Polymorphonuclear leukocytes (PMNs), that is, neutrophils, eosinophils, and basophils, play a key role in the oral homeostasis participating in the production of antimicrobial peptides, proteolytic enzymes and reactive oxygen species (ROS) [47]. PMNs are also a rich source of GLU, which is a major marker of inflammation, influx, and activity of neutrophils [48]. In our work, GLU-specific activity was significantly higher in the parotid (in the 2nd and 4th week of the experiment) and submandibular glands (in the 4th week of the experiment) of the diabetic rats versus control rats, and it significantly increased in both types of glands of STZ-diabetic rats as the experiment progressed. Enhanced GLU activity in the parotid and submandibular glands may indicate the existence of inflammation in the experimental model of type 1 diabetes, which occurs at the early stage of disease and is more severe at the advanced DM stages in the parotid glands of rats. It is well known that metabolic abnormalities associated with DM1 lead to hyperplasia and hypertrophy of adipocytes, as well as stimulate the release of the monocyte chemoattractant protein-1 (MCP-1) by these cells [49, 50]. MCP-1 increases the influx of monocytes into adipose tissue and promotes changing them into macrophages [2, 50]. Macrophages, by the release of proinflammatory cytokines (e.g., TNF-α, IL-6, and IL-1β), aggravate inflammation [2], which may be explained by the increased GLU activity in the STZ-induced diabetes.

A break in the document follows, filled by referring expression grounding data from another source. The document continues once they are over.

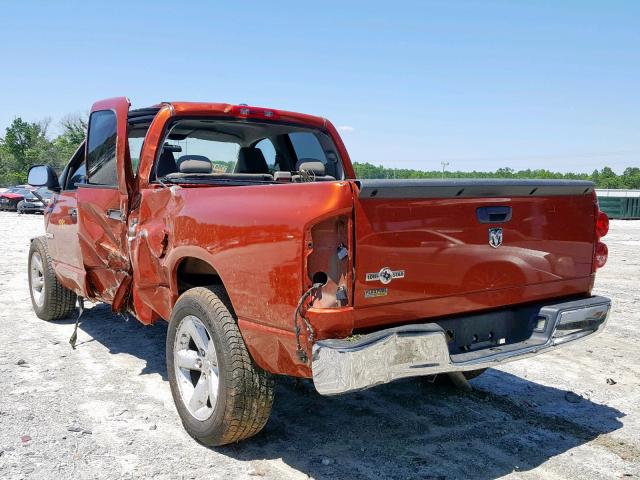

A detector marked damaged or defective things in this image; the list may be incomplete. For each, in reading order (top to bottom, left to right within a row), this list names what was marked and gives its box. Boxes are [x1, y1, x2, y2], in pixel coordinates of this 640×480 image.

damaged pickup truck [27, 97, 612, 446]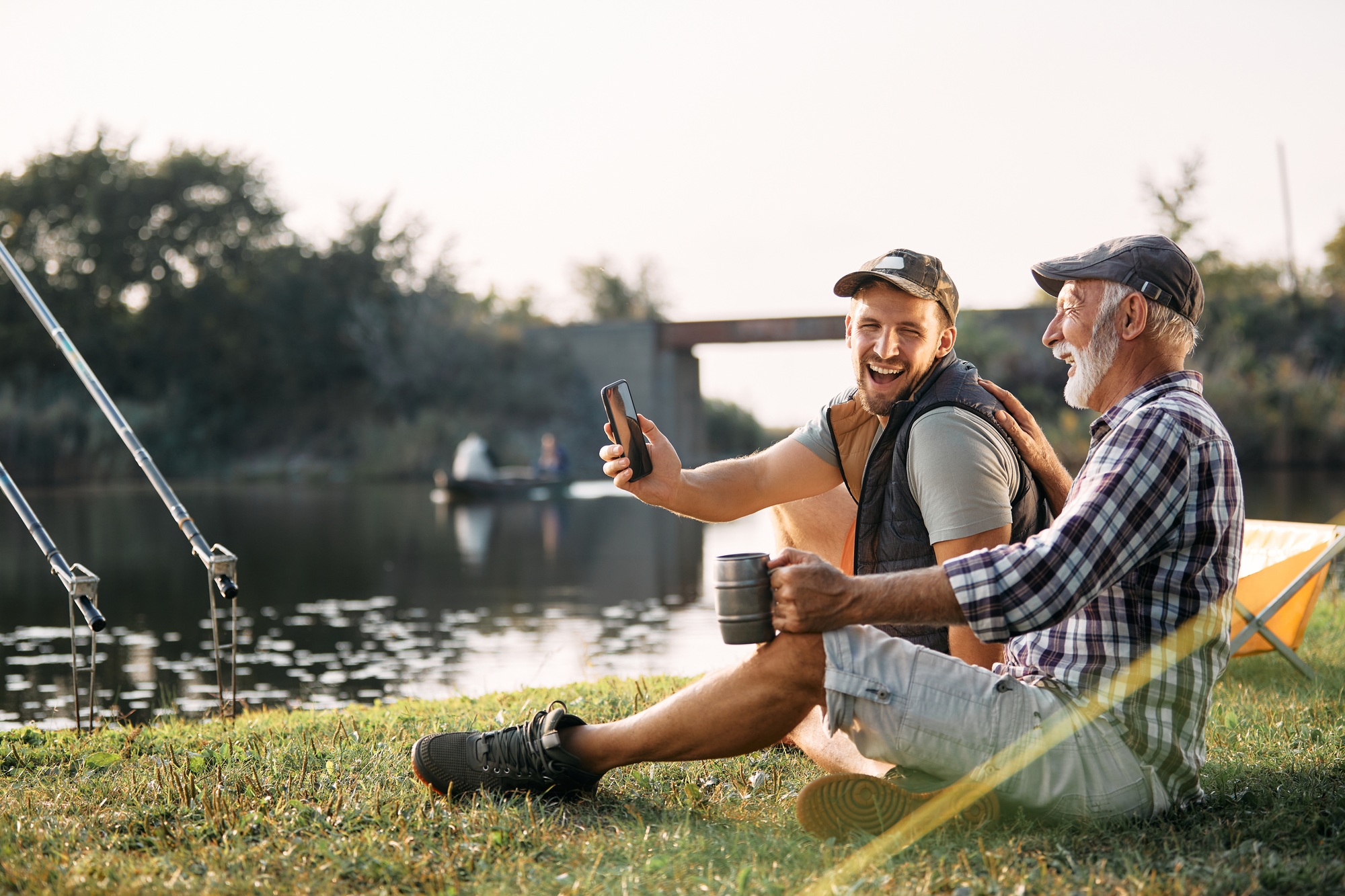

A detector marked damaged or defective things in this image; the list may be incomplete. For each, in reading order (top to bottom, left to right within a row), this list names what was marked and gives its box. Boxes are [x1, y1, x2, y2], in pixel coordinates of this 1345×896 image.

rusty metal beam [659, 316, 845, 347]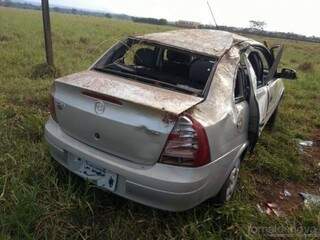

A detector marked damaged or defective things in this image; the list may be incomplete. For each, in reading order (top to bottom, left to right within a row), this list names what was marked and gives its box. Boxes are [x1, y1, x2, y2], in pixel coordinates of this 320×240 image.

broken rear window [93, 38, 218, 96]
damaged silver car [43, 29, 296, 211]
dented car body [43, 29, 296, 211]
crushed car roof [134, 29, 262, 56]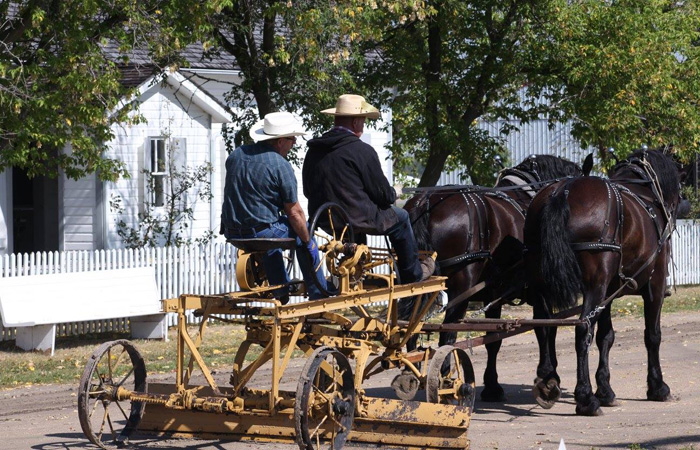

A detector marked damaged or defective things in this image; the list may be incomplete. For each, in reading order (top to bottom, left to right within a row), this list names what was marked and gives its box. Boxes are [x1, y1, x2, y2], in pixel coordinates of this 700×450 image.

rusty yellow grader [79, 205, 478, 450]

Less active salivary exoglycosidases, α-mannosidase (MAN), and α-fucosidase (FUC) also appear to play an important role in the oral environment. We have demonstrated that MAN-specific activity was significantly higher in both glands of DM1 rats throughout the entire study, wherein FUC-specific activity was increased only in the parotid glands between week 2 and 4 of the experiment. Elevated FUC activity indicates a more severe catabolism of complex N-glycans in the parotid glands of STZ-diabetic rats in comparison to the submandibular glands. We speculate that metabolic disturbances in STZ-diabetes, similarly to abnormalities in the course of alcoholism [17], may inhibit enzyme mannosidase II resulting in intensive synthesis of high-mannose glycoproteins and increased MAN activity in both diabetic types of glands along with duration of STZ-induced diabetes. Significantly higher MAN activity in diabetic parotid glands versus control glands may also suggest that the balance between salivary glucosyltransferases and glycohydrolases is disturbed in STZ-induced type 1 diabetes [51, 52]. Additionally, it may be assumed that the metabolic abnormalities associated with DM1 may lead to the inhibition of further glycosylation stages, involving the conversion of high-mannose glycoproteins into mature (complex and hybrid) glycoproteins as well as formation of the substantial amounts of high-mannose glycoproteins accelerating their degradation [11, 28]. This issue, however, requires more detailed studies.

Analyzing the results of the presented study, attention should also be paid to its limitations. In our experiment, we have used an animal model, which can never replace the human model. The streptozotocin dose, duration of the experiment, and evaluation of only the selected lysosomal exoglycosidases also constitutes an imperfection of the study.

5. Conclusions

STZ-induced diabetes increased the activity of most lysosomal exoglycosidases in the parotid and submandibular salivary glands.

The activity of most lysosomal exoglycosidases in both glands of diabetic rats varies considerably with duration of the disease.

STZ-induced diabetes leads to disruption of the functioning of the parotid glands, which is reflected by a significant decrease in the specific activity of salivary amylase, total protein content, and stimulated salivary flow rate.